In these times of political strife, I find myself longing for the comforts of home, wishing for the warm embrace of kinder hearts and gentler worlds. As the Canadian federal election campaign hits the home stretch and things get dirty, the American electorate throw their candidates into the trough to see who will emerge victorious for their party and enter the ultimate race—the race to Washington. Standing back, this helpless spectator finds herself yearning for the warm embrace of another Washington, of Bartlet’s White House as conceived by Aaron Sorkin.

There are a handful of television series I rewatch every few years, and they all feed a different nostalgic corner of my soul. The world of the West Wing helps me feel grounded when the reality of our political landscape swirls and slides into madness. Under the firm yet compassionate hand of President Josiah Bartlet, the US felt like the home of the free and land of the brave. Sorkin created a cast of characters whose intentions were pure; they served at the pleasure of the President, and did so out of a deeply held respect for, and trust in, the man. There were mighty missteps, to be sure, but the viewer never questioned whether those men and women were striving to be their best selves. They brought every fibre of their beings to the work in hopes that the work—crafting a better and brighter America—would be good. More often than not, it was.

Unfortunately, the current political landscape in Canada looks more like a football field full of teenagers desperately fighting for the best footing. For five seasons, Friday Night Lights examined the Texan preoccupation with high school football.
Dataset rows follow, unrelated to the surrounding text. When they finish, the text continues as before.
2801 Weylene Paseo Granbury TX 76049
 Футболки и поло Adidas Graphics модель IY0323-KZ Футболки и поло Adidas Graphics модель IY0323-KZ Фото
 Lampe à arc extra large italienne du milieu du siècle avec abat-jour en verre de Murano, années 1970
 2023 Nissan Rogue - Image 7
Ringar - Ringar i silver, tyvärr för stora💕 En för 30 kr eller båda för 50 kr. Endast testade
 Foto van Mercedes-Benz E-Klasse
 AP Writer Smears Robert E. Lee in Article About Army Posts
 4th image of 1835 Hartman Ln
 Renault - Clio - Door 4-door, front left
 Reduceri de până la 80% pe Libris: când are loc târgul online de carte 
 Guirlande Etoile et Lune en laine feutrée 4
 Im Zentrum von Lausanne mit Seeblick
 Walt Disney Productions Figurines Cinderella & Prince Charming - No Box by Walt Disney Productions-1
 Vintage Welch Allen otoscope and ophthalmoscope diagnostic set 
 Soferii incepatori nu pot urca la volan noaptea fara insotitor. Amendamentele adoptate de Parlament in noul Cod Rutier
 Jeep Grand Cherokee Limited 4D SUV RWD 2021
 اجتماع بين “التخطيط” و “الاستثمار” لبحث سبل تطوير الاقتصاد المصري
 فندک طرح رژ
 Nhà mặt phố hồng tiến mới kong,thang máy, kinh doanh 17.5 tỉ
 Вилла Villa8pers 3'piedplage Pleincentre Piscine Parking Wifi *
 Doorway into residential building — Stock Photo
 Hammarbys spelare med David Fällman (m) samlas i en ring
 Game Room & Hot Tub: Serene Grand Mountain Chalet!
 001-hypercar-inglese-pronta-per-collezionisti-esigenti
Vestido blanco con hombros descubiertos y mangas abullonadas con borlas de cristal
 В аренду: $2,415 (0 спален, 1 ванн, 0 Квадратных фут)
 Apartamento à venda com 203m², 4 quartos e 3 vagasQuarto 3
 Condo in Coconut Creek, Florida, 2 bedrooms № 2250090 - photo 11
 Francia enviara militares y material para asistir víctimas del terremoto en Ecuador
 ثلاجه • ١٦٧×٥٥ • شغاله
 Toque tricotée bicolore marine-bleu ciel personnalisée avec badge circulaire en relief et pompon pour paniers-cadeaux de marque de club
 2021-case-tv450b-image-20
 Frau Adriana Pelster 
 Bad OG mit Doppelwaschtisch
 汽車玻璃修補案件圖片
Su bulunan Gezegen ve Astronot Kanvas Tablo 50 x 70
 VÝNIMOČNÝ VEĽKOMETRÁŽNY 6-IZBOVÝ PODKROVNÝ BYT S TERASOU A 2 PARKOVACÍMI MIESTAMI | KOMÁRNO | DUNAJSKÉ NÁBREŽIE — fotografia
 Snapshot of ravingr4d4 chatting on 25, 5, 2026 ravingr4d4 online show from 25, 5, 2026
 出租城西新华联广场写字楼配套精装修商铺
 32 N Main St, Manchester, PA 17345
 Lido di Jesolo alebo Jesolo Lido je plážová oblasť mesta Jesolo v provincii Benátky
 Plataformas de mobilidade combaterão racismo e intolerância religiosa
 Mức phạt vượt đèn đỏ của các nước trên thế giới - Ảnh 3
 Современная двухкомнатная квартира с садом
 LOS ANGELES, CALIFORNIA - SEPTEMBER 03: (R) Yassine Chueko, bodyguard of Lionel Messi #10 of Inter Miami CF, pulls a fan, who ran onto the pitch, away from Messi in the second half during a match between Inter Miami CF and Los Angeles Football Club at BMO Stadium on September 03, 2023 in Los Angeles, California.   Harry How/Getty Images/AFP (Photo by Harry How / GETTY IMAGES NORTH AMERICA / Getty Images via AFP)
Inspired by a book by H.G. Bissinger, we’re introduced to a town obsessed—completely consumed—by high school football. Friday Night Lights follows young athletes trying to find their way in a world that doesn’t want their best selves—it wants warriors who win at all costs. Until they don’t, at which point they’re discarded like yesterday’s garbage. But under a firm yet compassionate hand, this one belonging to Coach Eric Taylor, the ruthlessness is kept in check with the team mantra: Clear eyes, full hearts, can’t lose. It’s this earnestness, this purity of intention that keeps me coming back. Off the field, Coach juggles the needs of family and home, led by his whip-smart wife Tami Taylor. She’s the kind of mother a lot of people idealize: capable, kind, wise, willing to admit she’s wrong, steadfast when she’s not, and a killer cook to boot. There are a lot of great TV moms out there, but no one quite measures up to Tami Taylor. The fictional Texas town, Dillon, wears its heart on its sleeve; you get what you see and life is just a little simpler. It’s about as far away from the liberal-leaning wet west coast as you can get, and sometimes that kind of drastic shift in perspective is what it takes to remind us of what we stand for. Our own brand of politics and politicians—flawed as they may be—is part of what keeps us Canadian.

In these final dark days of the campaign, when we’re short on inspiration, we can look to our leaders. But when they fail, I think it’s fair to look at some of the rich characters we meet on TV (and in films and books) and aspire to their ideals. When it was time to move on, Bartlett asked, “What’s next?” For Canadians, it’s a trip to the polls; participating in our own democracy is part of being in the game. Whatever the outcome, we’ll move forward as a country in hopes that we can, once again, show the world our best selves. Clear eyes, full hearts, can’t lose?